- Zoom in to desired location
- Click to select start/end points of desired cycling route
- See route statistics displayed below map
- Click and drag route or select new start/end points for alternate route
- See new route statistics overlaying previous route statistics for safety comparison
- Move to app directory
$ cd app
- Create virtual environment (optional)
$ virtualenv venv
- Activate virtual environment (optional)
$ source venv/bin/activate
- Install python modules
$ pip install -r requirements.txt
- Serve app
$ python app.py
In a city as densely populated as New York City, traffic collisions are frequent and inevitable. A compact transit structure and many varying forms of transportation lead to dangerous traffic congestion and collisions. Bicyclists, in particular, face the brunt of these collisions due to limited protection and transit frequency. As cyclists in New York, we are interested in understanding where bicycle collisions occur, who's involved in them, and why they happen. The city of New York has also shown a great deal of interest in this area, as demonstrated by the Vision Zero program. The goal of this program is to reach zero pedestrian fatalities by approximately the year 2030. We would like to expand on that goal to include bicyclists. Mike and John have taken this project a step further and have initiated a biking startup called Cyqlo, which is focusing on providing users with safe biking routes around the city. Analyzing traffic incident data is invaluable information to them and may help to build a mobile platform that provides cyclists with the safest possible route.
Our goal is to use New York City collision data to analyze trends and/or anomalies in biking accidents throughout time, based on location, parties involved, and the cause of accident. We would hope that our results could be used by the city to implement safer traffic regulations in dangerous, accident-prone areas. We also have a stretch goal of determining if there is a significant correlation between accidents and the weather and if the type of weather can determine the number, type, or location of collisions around NYC. Discovering and sharing this information may allow cyclists to make better decisions when navigating throughout the city.
Our collision data will be taken from NYC Open Data: https://data.cityofnewyork.us/Public-Safety/NYPD-Motor-Vehicle-Collisions/h9gi-nx95 This data which goes back to 2012, includes the date, time, coordinates, and accident location. In addition, it includes the number of people, pedestrians, cyclists, and motorists either injured or killed and the major contributing factors of the accident such as, driver distraction, failure to yield, and so on.
We have normalized our collision data using traffic data taken from Open NY: https://data.ny.gov/Transportation/Annual-Average-Daily-Traffic-AADT-Beginning-1977/6amx-2pbv/data This data presents the Annual Average Daily Traffic (AADT) at numerous intersetions across the five boroughs of New York City.
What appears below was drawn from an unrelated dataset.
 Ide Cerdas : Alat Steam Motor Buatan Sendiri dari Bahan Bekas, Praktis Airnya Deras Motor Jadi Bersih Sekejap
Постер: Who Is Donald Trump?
Dating back to 1977 through 2014, this dataset includes the cross-street names, AADT, and various regional information.
First of all, we cleaned the collision data of any rows containing incomplete or null information. This included rows with empty longitude and latitude information, as this project is based around a map vizualization. This data required some manipulation in order to place data points on the New York City map in a non-obstructive, visually pleasing manner. Secondly, we cleaned and processed the AADT data by geocoding longitude and latitude information to each of the intersections using the given cross-street names (a necessary step as our collision data is organized by longitude/latitude coordinates). Thirdly, we merged the two datasets on the location field and normalized our collision data by finding a "collision rate per million vehicles" at each collision location. Without the normalization, our collision data was essentially a population map based on traffic density, street proximity, and land area. If at some point our stretch goal of integrating weather data is met, we will need to represent the weather data as average daily values across three weather stations (Central Park, JFK, Laguardia Airport) in order to optimize readability and gain a more representative sample for the day's rainfall across the city.
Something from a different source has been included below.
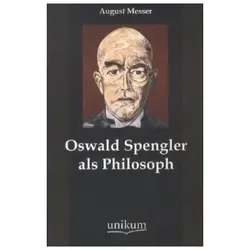 Oswald Spengler als Philosoph, Fachbücher von August Messer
The foundation of our visualization is a map of New York City. The user is then able to zoom to a desired area and select a biking route based on start and end points. Upon selection of start and end points, a default route is instantly generated and various statistics along that route are calculated, including the five most dangerous intersections and their collision rates and the top six causes of collisions along the route. This information is generated on two separate radar plots below the map while the five most dangerous intersections are highlighted on the map. The user then has the option to select a new route, either by selecting new start and end points or clicking the route and dragging/dropping to a new location. The new statistical information is displayed on the radar plots, overlaying the previous route's information for effortless safety comparisons.
3/27/17: Set up project repository.
3/30/17: Have basic bar charts showing number of collisions by year based on collision type.
3/30/17: Decide on web stack and how to best incorporate a map.
4/6/17: Finish data cleaning and begin location data processing
4/20/17: Understand how we'll represent data on a map with D3
4/27/17: Build basic web app to serve data, figure out how much to send to user at a time, and have basic D3 map of NYC with zooming
5/4/17: Build routing functionality. Highlight dangerous intersections. Make ajax requests for more data when needed.
5/11/17: Display statistical info using D3 radar plots.
5/18/17: Slide some weather data in the mix (maybe) and do a sick nasty presentation rock on.